This allows the same index to support multiple agent domains:
- Search
- Refactor
- Review
- Architecture understanding
- RCA (root cause analysis)
…by selecting different retrieval profiles.
Index backends (vector & graph)
Workspace‑Indexer separates index infrastructure from agent logic.
Index backends define where and how indexed knowledge is stored and queried:
- Catalogue DB (files, chunks, metadata, FTS)
- Vector backend (similarity search)
- Graph backend (optional dependency / symbol / architecture graph)
Backends are configured via profiles, allowing:
- Local or remote providers
- Safe backend switching (automatic rebuilds)
- Environment‑specific defaults
Install
npm i @neuralsea/workspace-indexerNode 18+ required.
Docs: docs/README.md
Browser / VS Code webview
This package publishes a browser‑safe entrypoint:
import { chunkSource, OpenAIEmbeddingsProvider } from "@neuralsea/workspace-indexer/browser";The full indexer (WorkspaceIndexer, file watching, git scanning, persistence) is Node‑only and should run in the VS Code extension host, communicating with webviews via postMessage.
Quick start (library)
import {
WorkspaceIndexer,
OllamaEmbeddingsProvider,
IndexerProgressObservable
} from "@neuralsea/workspace-indexer";
const embedder = new OllamaEmbeddingsProvider({ model: "nomic-embed-text" });
const progress = new IndexerProgressObservable();
progress.subscribe(e => console.log(e.type, e));
const ix = new WorkspaceIndexer("/path/to/workspace", embedder, { progress });
await ix.indexAll();
const search = await ix.retrieve("Where is authentication enforced?", {
profile: "search"
});
console.log(search.hits.map(h => h.chunk.path));
await ix.closeAsync();Retrieval profiles
The same index can be queried differently depending on the task.
Built‑in profiles:
- search — tight top‑k, precise matches
- refactor — wider k, follows imports and adjacency
- review — biases to changed files, includes file synopsis
- architecture — aggressive expansion across imports
- rca — review + recency bias
Profiles control:
- k (primary hits)
- weights (vector / lexical / recency)
- expansion rules
- candidate pool sizes
Profiles can be overridden at runtime.
Index backend configuration (profiles)
Index backends are configured using named profiles.
{
"indexBackends": {
"vectorProfiles": {
"local-default": {
"kind": "local",
"provider": "bruteforce",
"metric": "cosine"
},
"qdrant-dev": {
"kind": "qdrant",
"url": "http://localhost:6333",
"collectionPrefix": "petri"
}
},
"graphProfiles": {
"none": { "kind": "none" },
"neo4j-local": {
"kind": "neo4j",
"uri": "neo4j://localhost:7687",
"user": "neo4j",
"passwordRef": "NEO4J_PASSWORD",
"database": "neo4j",
"labelPrefix": "Petri"
}
},
"defaults": {
"vectorProfile": "local-default",
"graphProfile": "none"
}
}
}The selected profiles are resolved internally into runtime configuration.
Neo4j migration note
Earlier versions accepted Neo4j configuration under workspace.graph.
This version automatically migrates those settings into a graph profile on first run.

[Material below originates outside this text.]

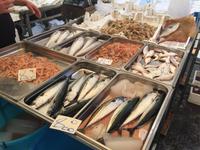 Catania - Fischmarkt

After migration, legacy settings are ignored.
Persistence semantics
Disabling the graph backend does not disable index persistence.
Persistence of catalogue data, embeddings, and vector indices is controlled independently via storage settings.
Security model
- Git‑native ignore (
git ls-files) - Additional
.petriignore/.augmentignore - Redaction hooks before embedding and storage
For higher assurance:
- set
storage.ftsMode = "tokens" - review redaction patterns
Licence
MIT